Turning around, I eyed the freshly plastered wall behind the dining room table. Lenny had also covered the two bullet holes. All I needed to do was match up the paint and then it would be like nothing had ever happened.
Last night felt like forever ago.
I’d spent the bulk of the night sitting in the ER, getting checked out and then answering a thousand and one police questions. Come to find out, the shooter had a name—Charles Bakerton. Didn’t sound like a homicidal maniac’s name, but Charles was still alive. I hadn’t killed him with the well-placed vase of death swing. I was relieved to hear that. I didn’t want to know what it felt like to kill someone.
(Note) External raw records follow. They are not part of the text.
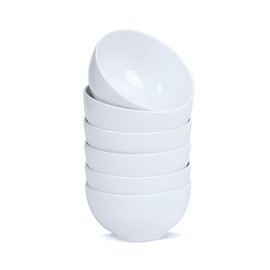 AntoKueh White 4.5in Small Ceramic Bowls, 12 OZ, Ice cream Bowls Set of 6 for Dessert, Rice, Jello, Pudding, Yogurt, Condiments, Microwave safe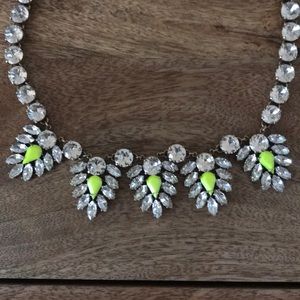 J. Crew Silver and Neon Yellow Statement Necklace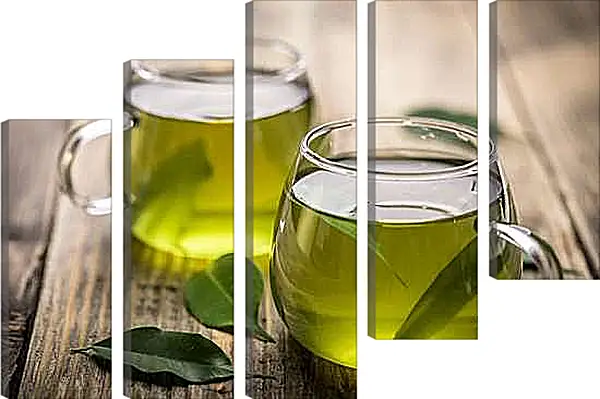 Модульная картина - Две чашки с зелёным чаем. Зеленый чай.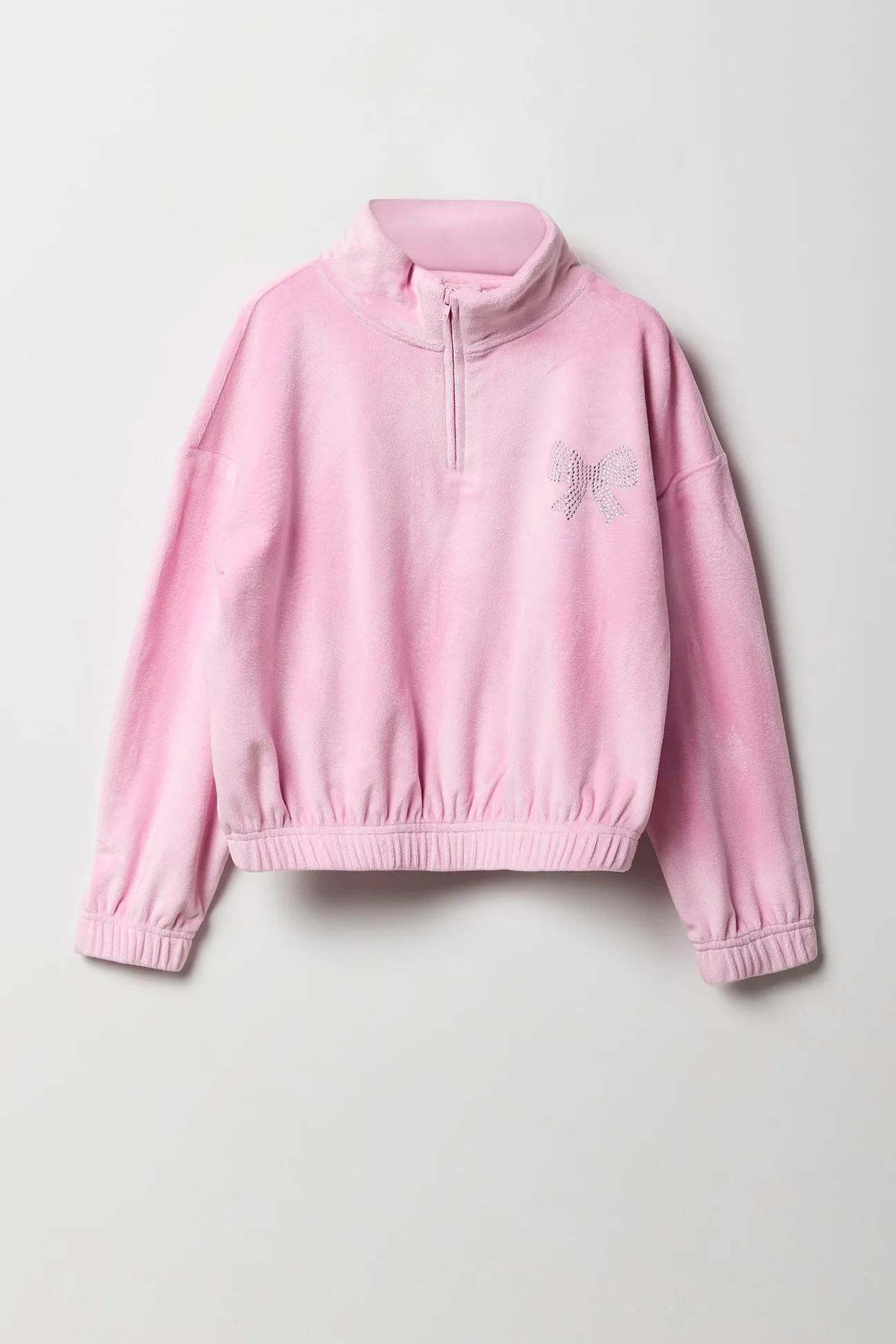 Girls Velour Quarter Zip Sweatshirt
Through the endless hours that had crept into early morning, Colton had remained beside me, mostly silent and very pissed-off looking. Those blue eyes were practically on fire. We didn’t get a chance to talk, nothing other than the basics before he was called out. Surprisingly, Roxy and Reece had showed up at the hospital and had driven me home. That was…weird.
I was so lucky. Everyone kept telling me that. I had looked a lot worse than I was. Not even a concussion, and the crack upside the head hadn’t even required stitches. A fistful of ibuprofen had taken care of that ache and the rest of the minor pains.